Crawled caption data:
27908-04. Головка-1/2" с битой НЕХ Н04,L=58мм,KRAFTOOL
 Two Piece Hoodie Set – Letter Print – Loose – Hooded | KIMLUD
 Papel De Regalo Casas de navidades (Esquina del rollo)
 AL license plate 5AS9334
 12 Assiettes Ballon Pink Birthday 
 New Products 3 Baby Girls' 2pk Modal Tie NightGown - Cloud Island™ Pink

■ Work to complete:
Only the line containing "12 Assiettes Ballon Pink Birthday" and the lines after it, through the end of the data, should be copied, exactly as they are.

■ Solution for this exercise:
 12 Assiettes Ballon Pink Birthday 
 New Products 3 Baby Girls' 2pk Modal Tie NightGown - Cloud Island™ Pink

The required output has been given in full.